→ Data to process
┄┄┄┄┄┄
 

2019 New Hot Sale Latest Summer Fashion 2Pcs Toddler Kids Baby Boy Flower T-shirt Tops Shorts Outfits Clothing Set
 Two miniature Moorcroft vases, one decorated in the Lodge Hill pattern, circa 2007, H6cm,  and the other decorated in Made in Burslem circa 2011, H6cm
┄┄┄┄┄┄
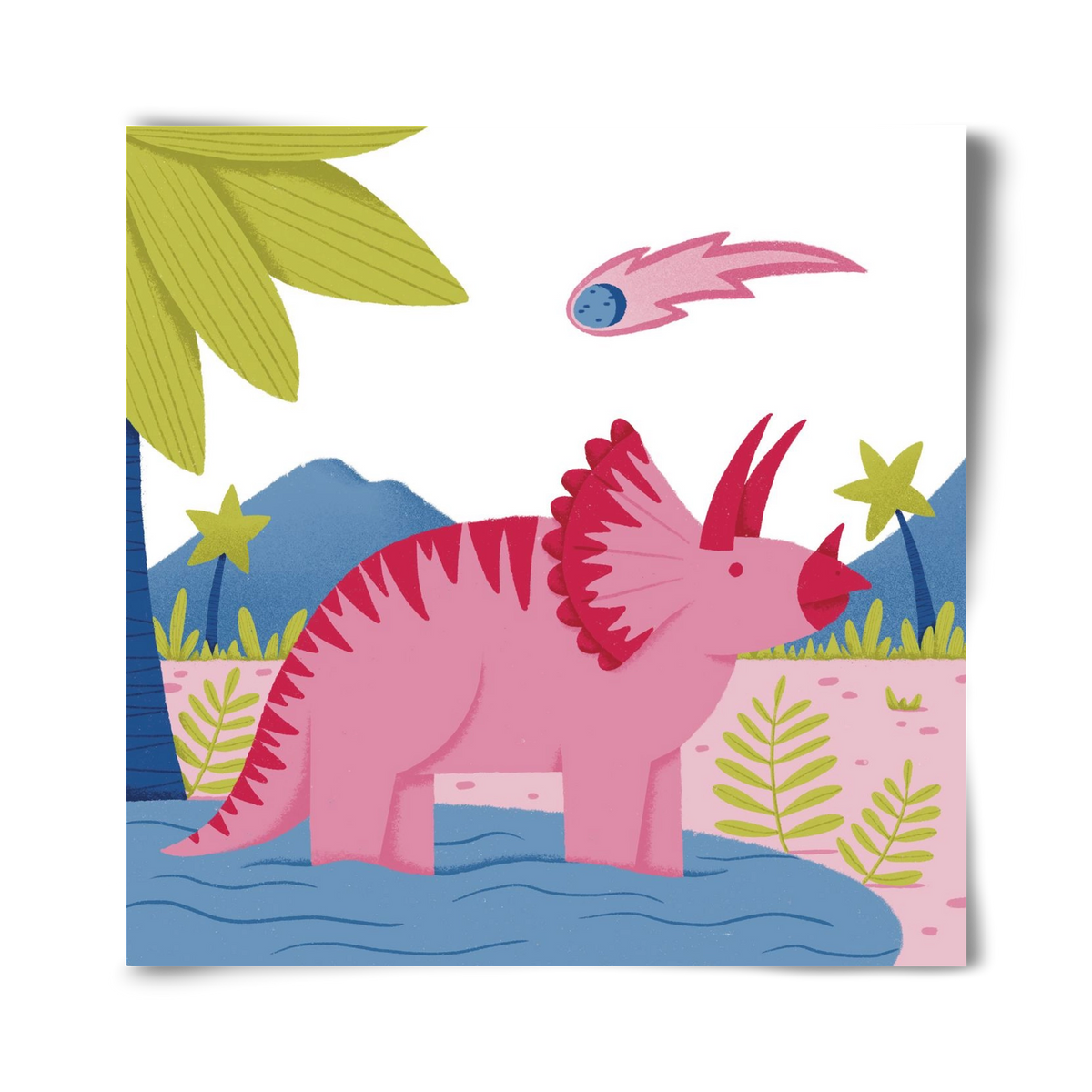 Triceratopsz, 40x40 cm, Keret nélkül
┄┄┄┄┄┄
→ About this task
Starting at the line with "2019 New Hot" and ending at the line with "Two miniature Moorcroft", print each line of the listing above exactly, with no other lines.

→ Exercise solution
2019 New Hot Sale Latest Summer Fashion 2Pcs Toddler Kids Baby Boy Flower T-shirt Tops Shorts Outfits Clothing Set
 Two miniature Moorcroft vases, one decorated in the Lodge Hill pattern, circa 2007, H6cm,  and the other decorated in Made in Burslem circa 2011, H6cm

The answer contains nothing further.